(What you will do): Print out the data below in full and exactly, skipping the pictures.

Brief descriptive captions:
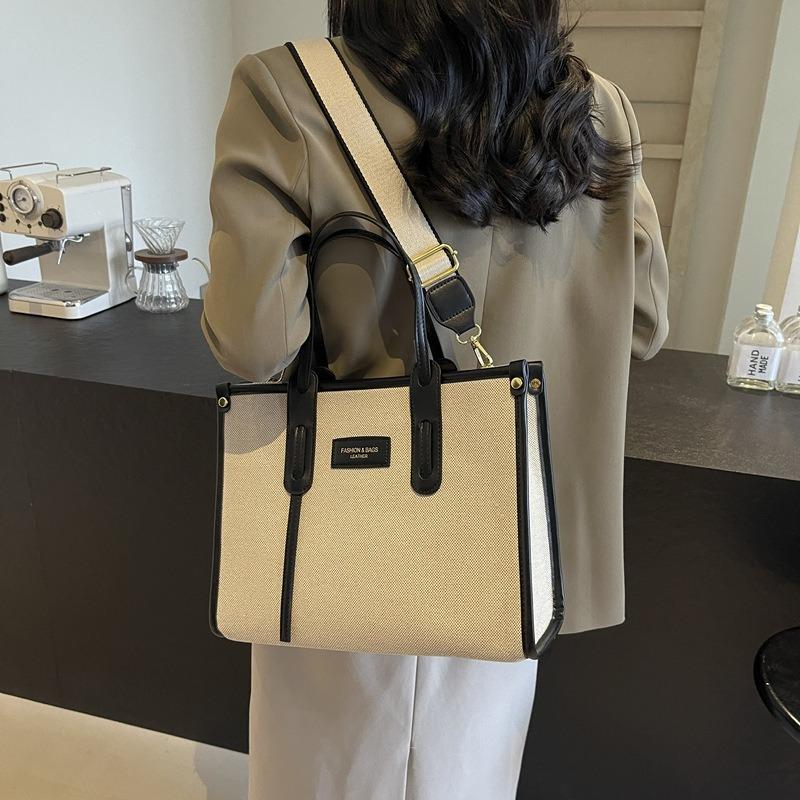 Commuter largecapacity canvas bag women's new popular commuter versatile messenger bag fashionable portable tote bag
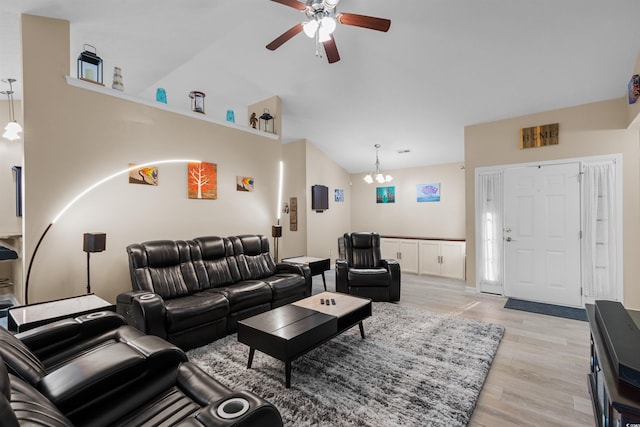 living room with ceiling fan with notable chandelier, light wood-type flooring, and high vaulted ceiling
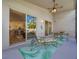 Bright screened porch features sliding glass doors to the interior at 4139 63Rd E Ter, Sarasota, FL 34243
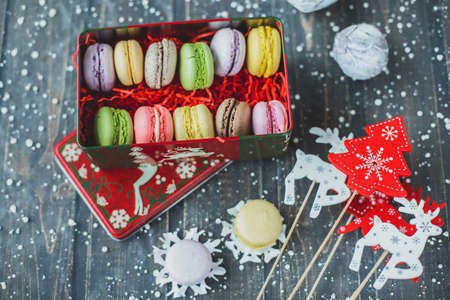 Christmas macarons with a crushed candy cane fillingの写真素材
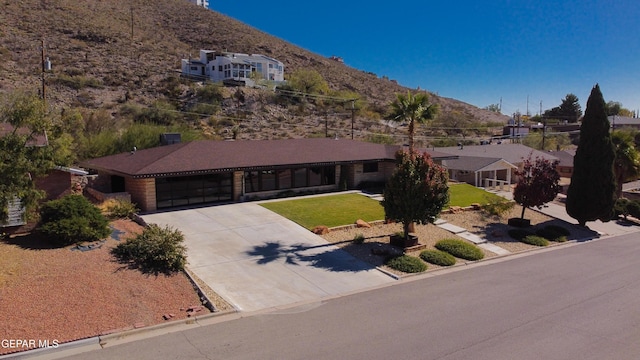 view of front facade with a mountain view, a garage, and a front lawn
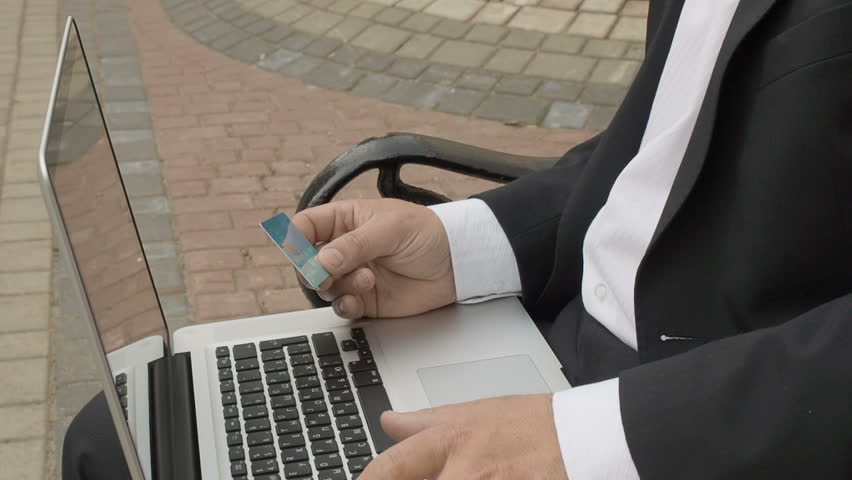 Businessman using his laptop to purchase something online with his credit card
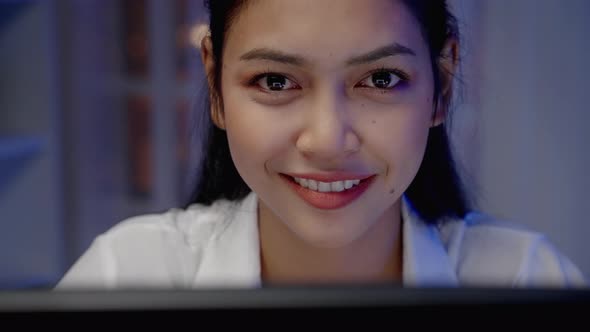 Close-up, Asian woman smiling in front of computer monitor at night.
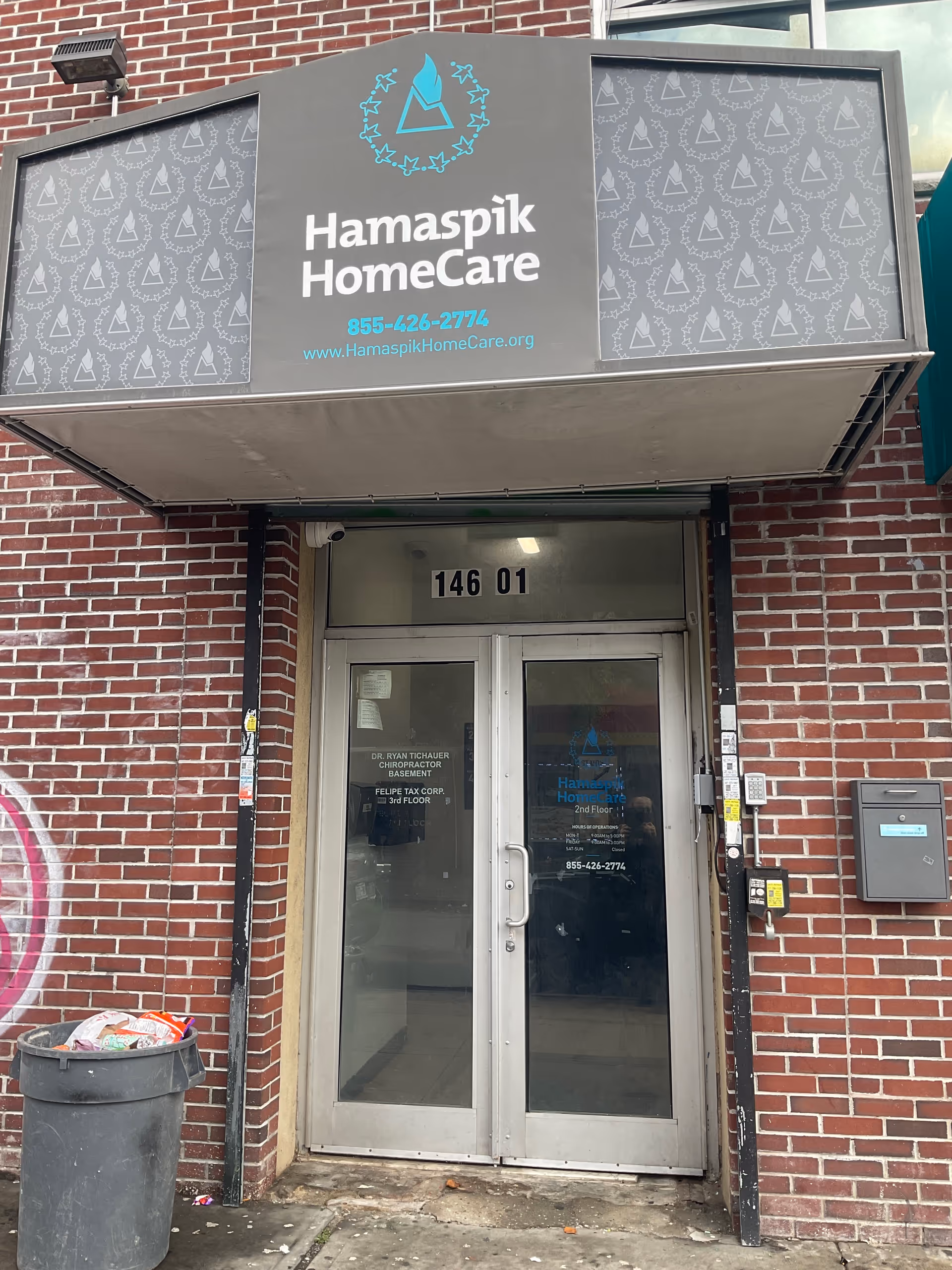 Entrance to Hamaspik HomeCare facility with brick facade and glass doors.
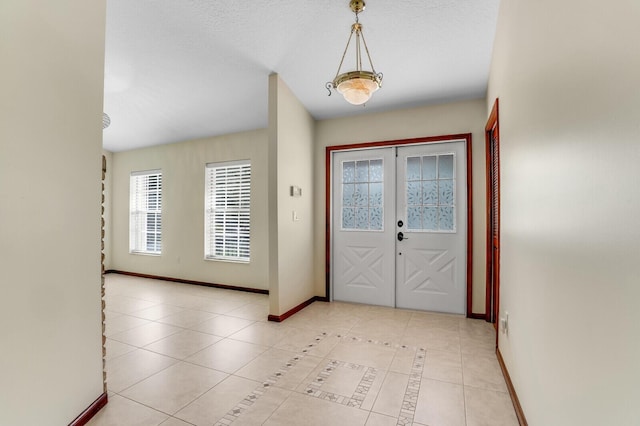 foyer entrance featuring french doors, light tile patterned flooring, a textured ceiling, and baseboards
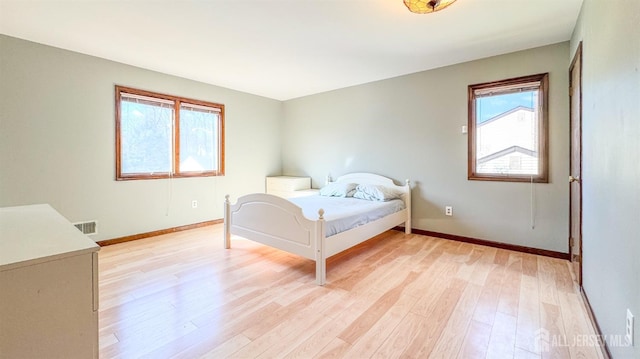 bedroom with light wood finished floors, baseboards, and visible vents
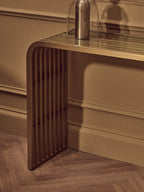 Matte Gold Slatted Console Table with Clear Glass Top | Vogue - MOOAZAA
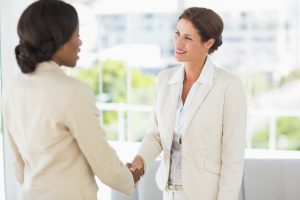 Two smiling businesswomen meeting and shaking hands in the office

(Solved problem):
 Commuter largecapacity canvas bag women's new popular commuter versatile messenger bag fashionable portable tote bag
 living room with ceiling fan with notable chandelier, light wood-type flooring, and high vaulted ceiling
 Bright screened porch features sliding glass doors to the interior at 4139 63Rd E Ter, Sarasota, FL 34243
 Christmas macarons with a crushed candy cane fillingの写真素材
 view of front facade with a mountain view, a garage, and a front lawn
 Businessman using his laptop to purchase something online with his credit card
 Close-up, Asian woman smiling in front of computer monitor at night.
 Entrance to Hamaspik HomeCare facility with brick facade and glass doors.
 foyer entrance featuring french doors, light tile patterned flooring, a textured ceiling, and baseboards
 bedroom with light wood finished floors, baseboards, and visible vents
 Matte Gold Slatted Console Table with Clear Glass Top | Vogue - MOOAZAA
 Two smiling businesswomen meeting and shaking hands in the office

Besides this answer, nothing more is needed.